Received: 20 September 2021
Accepted: 4 February 2022

Abstract

The [CII] 158 μm emission line represents one of the most profitable tools for the investigation of the high-redshift galaxies in the early Universe so far. Being one of the brightest cooling lines in the rest-frame far-infrared regime of star-forming galaxies, it has been successfully exploited as a tracer of the star-formation rate (SFR) in local sources. The picture is more complex at higher redshifts, where its usability in this context is still under investigation. Recent results from the ALMA Large Program to INvestigate [CII] at Early times (ALPINE) survey suggest that there is no (or weak) evolution of the L_[CII]-SFR relation up to z ∼ 6, but their reliability is hampered by the presence of a large population of [CII] nondetected galaxies.
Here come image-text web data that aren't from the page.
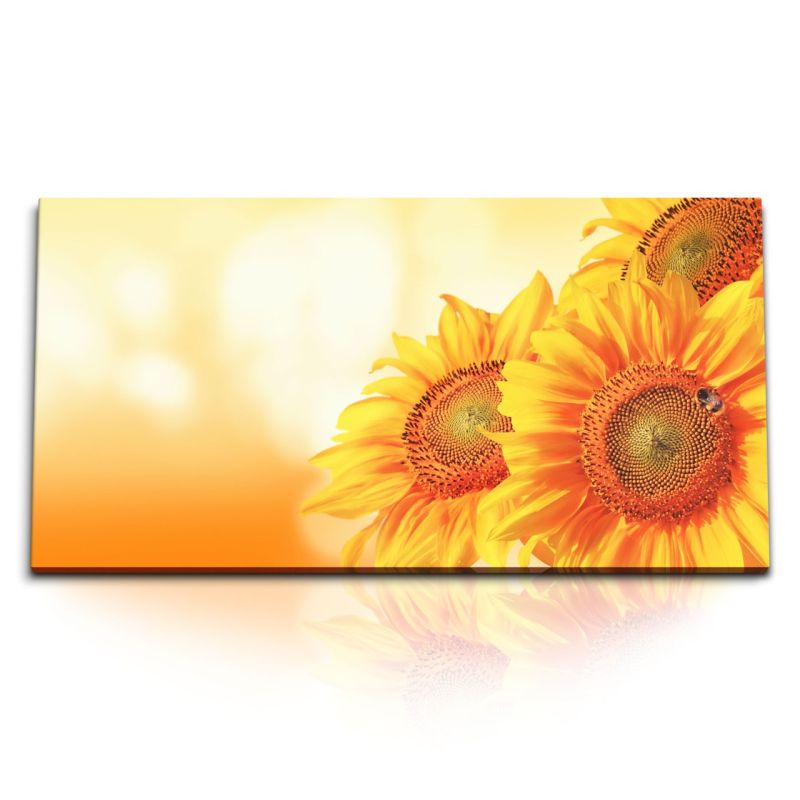 Kunstdruck Bilder 120x60cm Sonnenblumen Sonnenschein Gelb Blumen Biene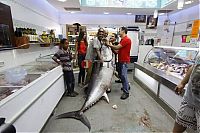 Fauna & Flora: Tuna fish caught by Eli Saban, Ashdod, Israel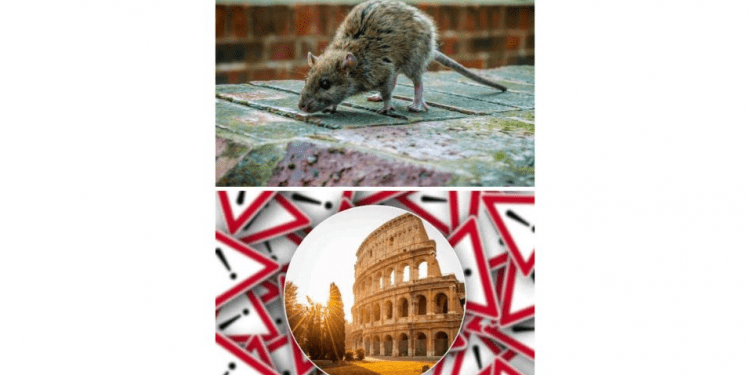 الفئران تغزو روما… اليكم مايجري !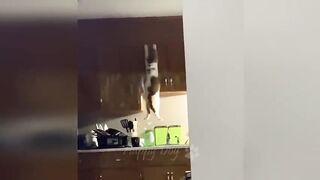 Funny animals cats and dogs????????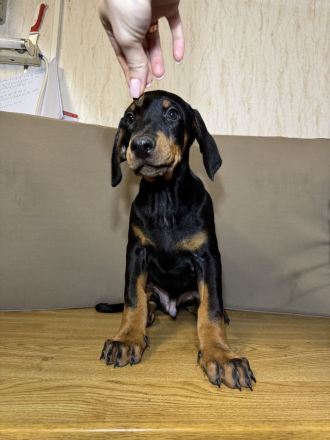 Stammbaum Dobermann Welpen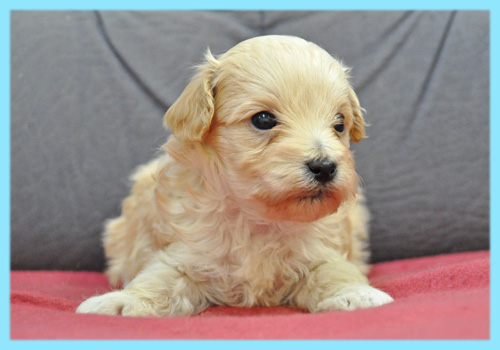 ミックス　マルプー　クリーム　オス　子犬販売の専門店　AngelWan　横浜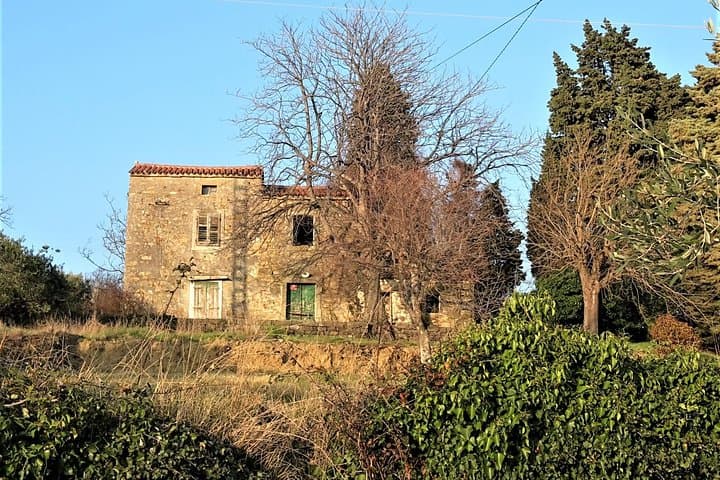 Coastal Footpath Above Lucija: Olive Groves, Salt Pans & Istrian Breakfast photo 4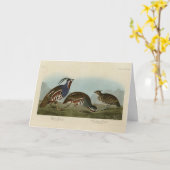 Plumed & Thick-Leged Partridges - Audubons Vögel Karte (Gelbe Blume)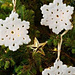 Snowflake Ornament pattern 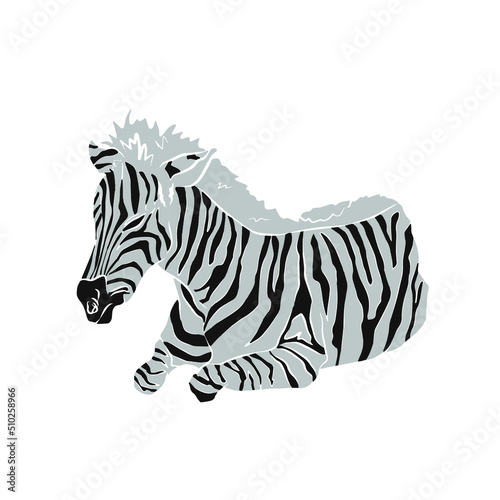 Illustration: Beautiful zebra image, used in general work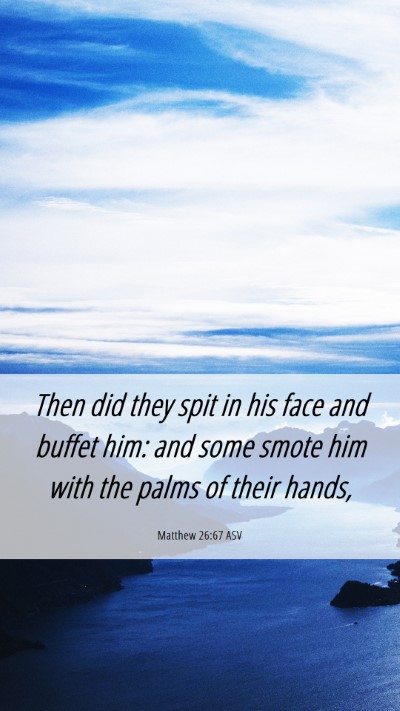 Picture 06 - Matthew 26:67 ASV Mobile Phone Wallpaper - Then did they spit in his face and buffet him: - Mobile Bible Verse Wallpaper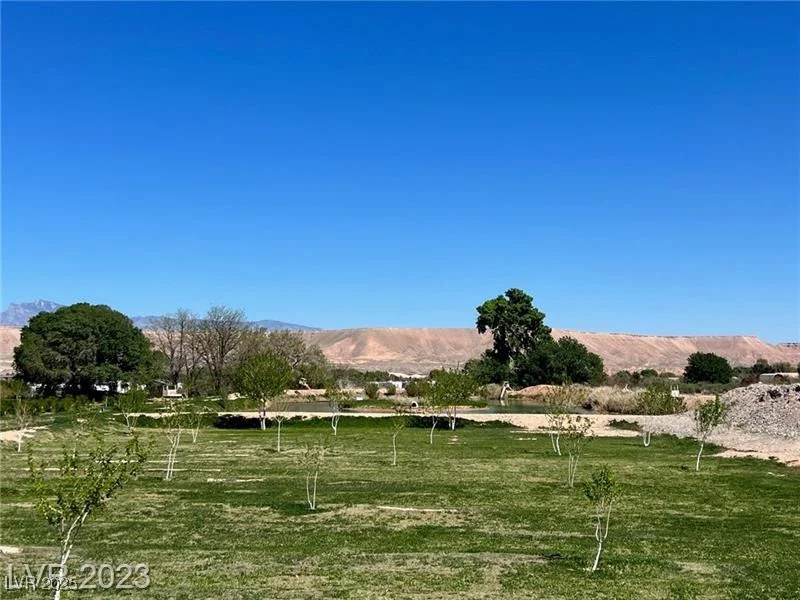 1065 Moapa Valley, Overton, NV 89040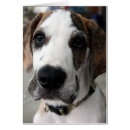 Search for buster Pets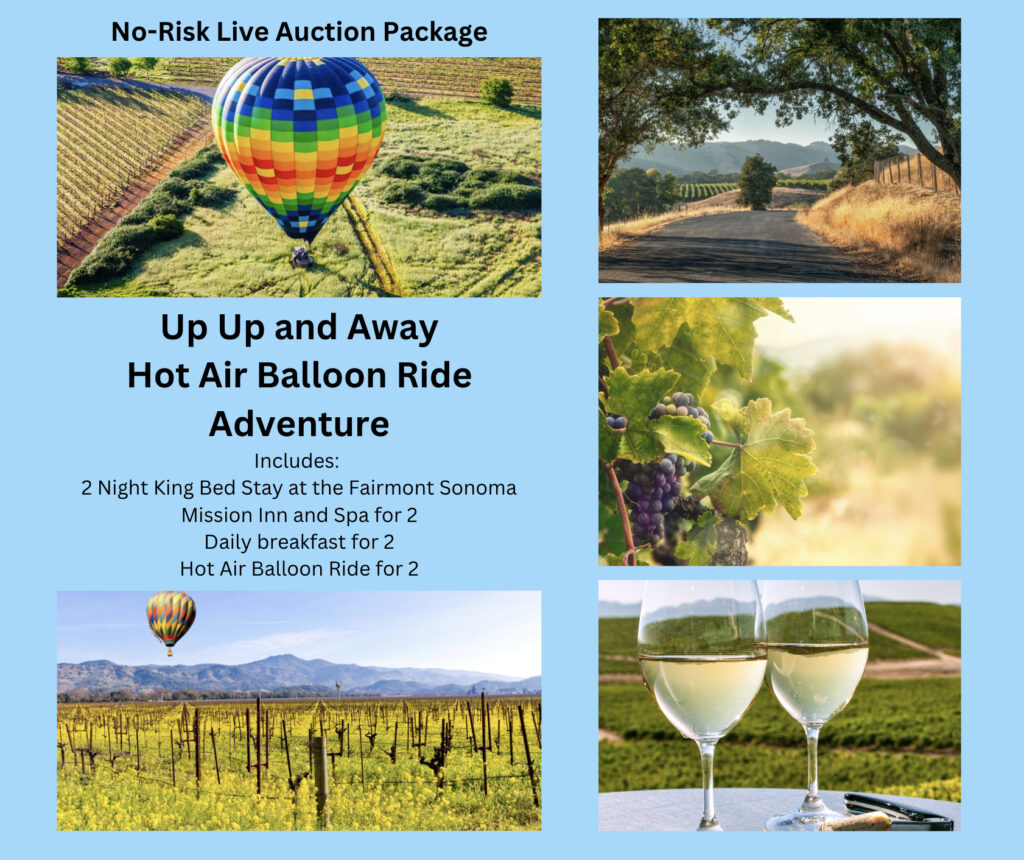 no-risk live auction package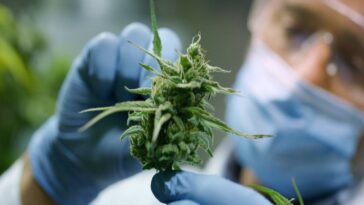 Weed Reinheitsgebot: ¿Qué estándares de calidad deberá cumplir el cannabis en Alemania?
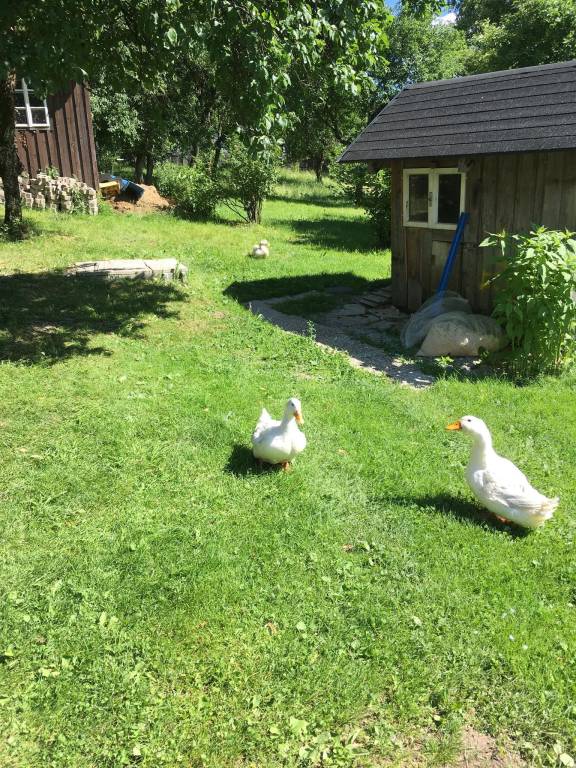 foto17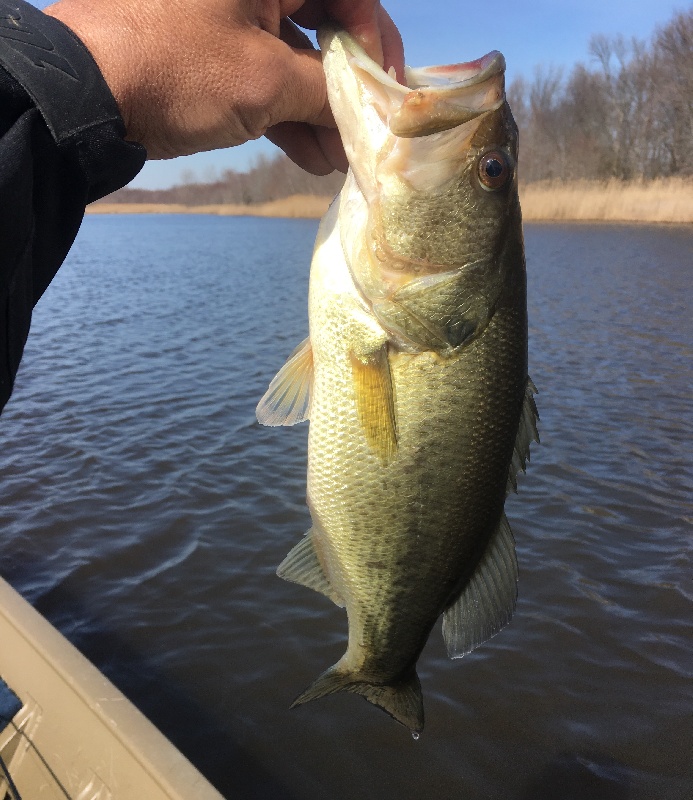 Early BASS 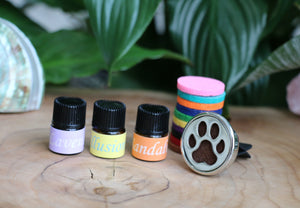 Car Sample Pack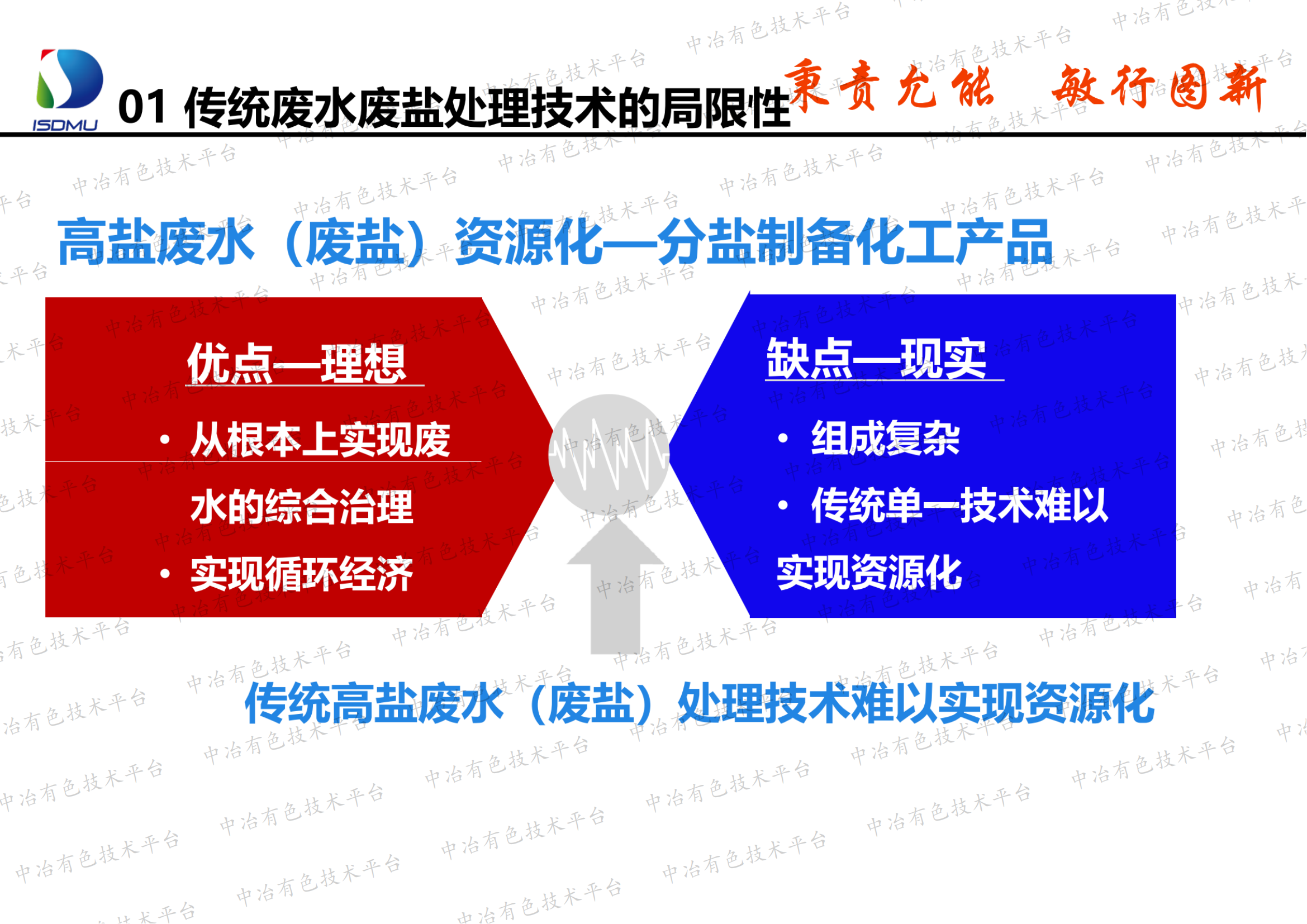 调控结晶资源化处理高盐废水（废盐）技术开发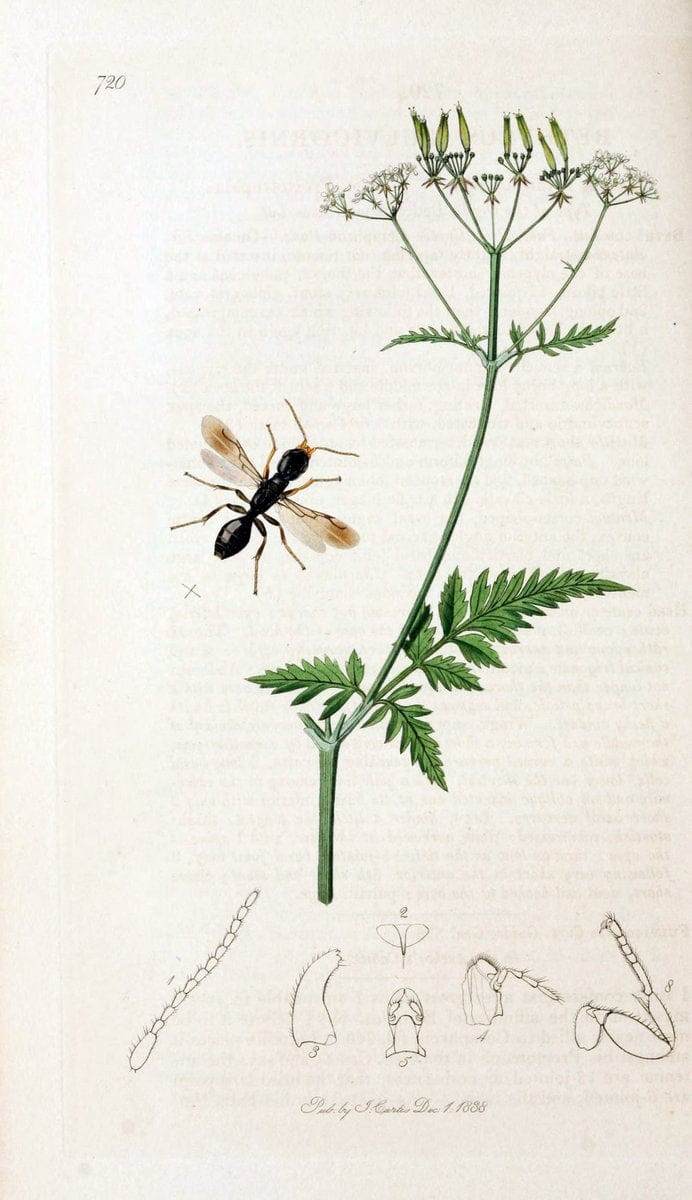 British entomology;.London,Printed for the author,1823-40.  | Botany "Great Britain" Insects "Pictorial works" | Vintage Print Reproduction 463998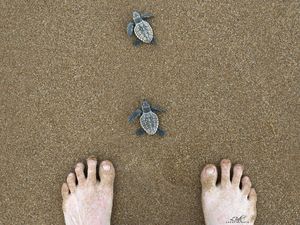 Welcome baby turtles into the world at Mon Repos Beach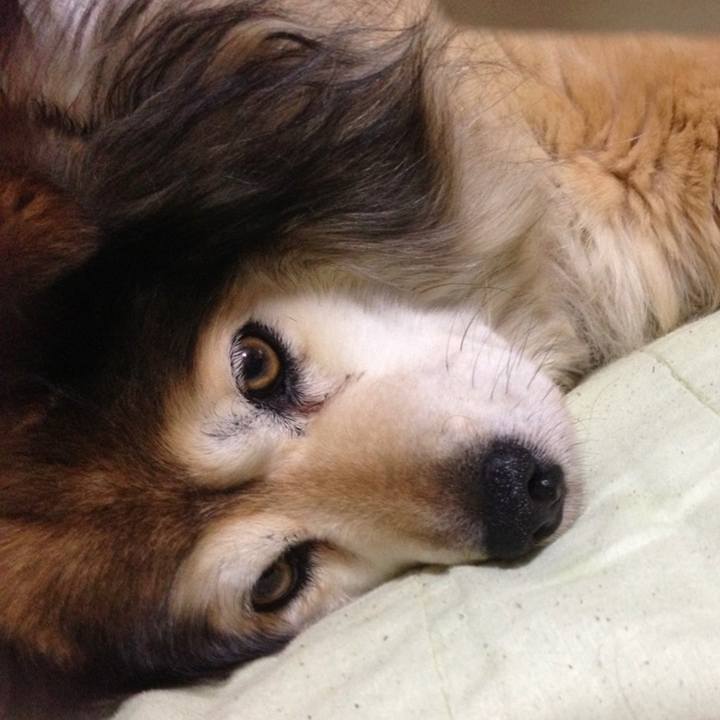 0a0d1d7c 300e 4657 8e88 e7f051c057b7 1602204140832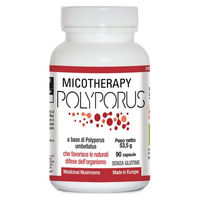 Produktbild von A.V.D. Reform Mycotherapy Polyporus Vegan Bio Glutenfrei 90 Kapseln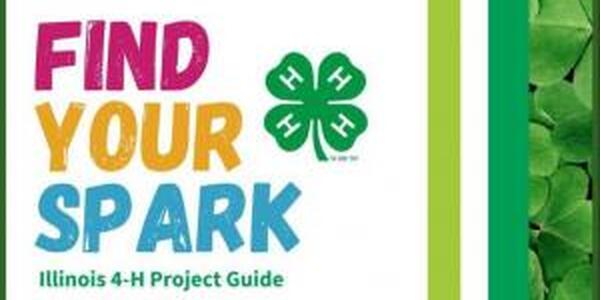 cover of Find Your Spark Project manual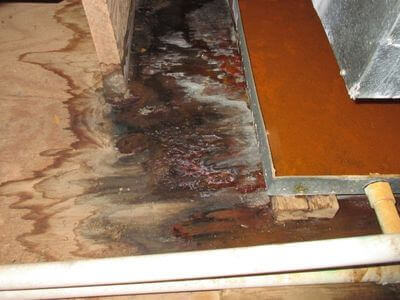 About La Vista Water Damage Restoration - water damage restoration experts in La Vista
In this work, we characterize the population of [CII] nondetections in ALPINE. By stacking their ALMA spectra, we obtained a signal detected at ∼5.1σ, resulting in a [CII] luminosity of log(L_[CII]/L_⊙)∼7.8. When combining this value with those from the [CII] detections, we found a L_[CII]-SFR relation with a slope b = 1.14 ± 0.11, which is in agreement within the uncertainties both with the linear relation found in the local Universe and with the previous findings from ALPINE at z ∼ 5. This suggests that the [CII] line can be considered a good tracer of star formation up to the distant Universe. Finally, we show that the galaxies of our sample that deviate from the observed L_[CII]-SFR relation most could suffer from a less precise redshift estimation, perhaps artificially reducing their [CII] luminosity. In this respect, we claim that there is no evidence in favor of a deficit of [CII] content in high-z galaxies, in contrast with earlier studies.